→ **The data**
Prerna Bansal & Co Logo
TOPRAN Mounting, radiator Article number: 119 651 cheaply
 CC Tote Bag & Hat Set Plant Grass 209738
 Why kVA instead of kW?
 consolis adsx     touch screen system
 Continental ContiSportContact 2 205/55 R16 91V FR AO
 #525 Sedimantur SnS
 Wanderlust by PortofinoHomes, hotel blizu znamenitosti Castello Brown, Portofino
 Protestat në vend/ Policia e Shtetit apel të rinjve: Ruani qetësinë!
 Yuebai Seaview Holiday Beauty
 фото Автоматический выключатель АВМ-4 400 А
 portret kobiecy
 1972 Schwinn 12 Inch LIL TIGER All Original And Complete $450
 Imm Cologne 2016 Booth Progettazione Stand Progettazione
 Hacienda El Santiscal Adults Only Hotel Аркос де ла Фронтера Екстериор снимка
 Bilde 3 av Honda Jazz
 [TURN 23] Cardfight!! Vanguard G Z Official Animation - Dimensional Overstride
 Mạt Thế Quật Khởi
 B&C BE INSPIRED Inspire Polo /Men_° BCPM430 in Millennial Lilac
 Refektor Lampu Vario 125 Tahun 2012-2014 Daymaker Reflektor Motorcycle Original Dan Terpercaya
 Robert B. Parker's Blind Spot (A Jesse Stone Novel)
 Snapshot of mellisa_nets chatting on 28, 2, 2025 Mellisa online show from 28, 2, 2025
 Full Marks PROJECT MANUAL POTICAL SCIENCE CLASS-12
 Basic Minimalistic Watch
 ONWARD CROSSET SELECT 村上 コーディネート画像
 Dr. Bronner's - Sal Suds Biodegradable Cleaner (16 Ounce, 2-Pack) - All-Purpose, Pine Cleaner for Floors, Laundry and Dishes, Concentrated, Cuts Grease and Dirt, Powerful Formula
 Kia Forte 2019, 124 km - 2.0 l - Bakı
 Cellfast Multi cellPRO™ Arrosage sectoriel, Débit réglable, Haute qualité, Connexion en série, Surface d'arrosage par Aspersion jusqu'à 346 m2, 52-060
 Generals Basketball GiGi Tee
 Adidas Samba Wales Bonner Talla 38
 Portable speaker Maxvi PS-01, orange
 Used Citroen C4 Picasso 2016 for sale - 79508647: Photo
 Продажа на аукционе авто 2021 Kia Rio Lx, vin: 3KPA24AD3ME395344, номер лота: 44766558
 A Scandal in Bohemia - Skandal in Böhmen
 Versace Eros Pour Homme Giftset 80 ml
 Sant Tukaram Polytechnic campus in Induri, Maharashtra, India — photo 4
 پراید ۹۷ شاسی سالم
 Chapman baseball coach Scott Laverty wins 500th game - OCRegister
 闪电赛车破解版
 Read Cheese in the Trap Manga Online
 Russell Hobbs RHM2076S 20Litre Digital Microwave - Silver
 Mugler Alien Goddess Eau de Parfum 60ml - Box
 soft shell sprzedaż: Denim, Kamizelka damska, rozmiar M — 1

→ **Assignment**
If a line in the material above contains "Original", show that line.

→ **Result for this task**
 1972 Schwinn 12 Inch LIL TIGER All Original And Complete $450
 Refektor Lampu Vario 125 Tahun 2012-2014 Daymaker Reflektor Motorcycle Original Dan Terpercaya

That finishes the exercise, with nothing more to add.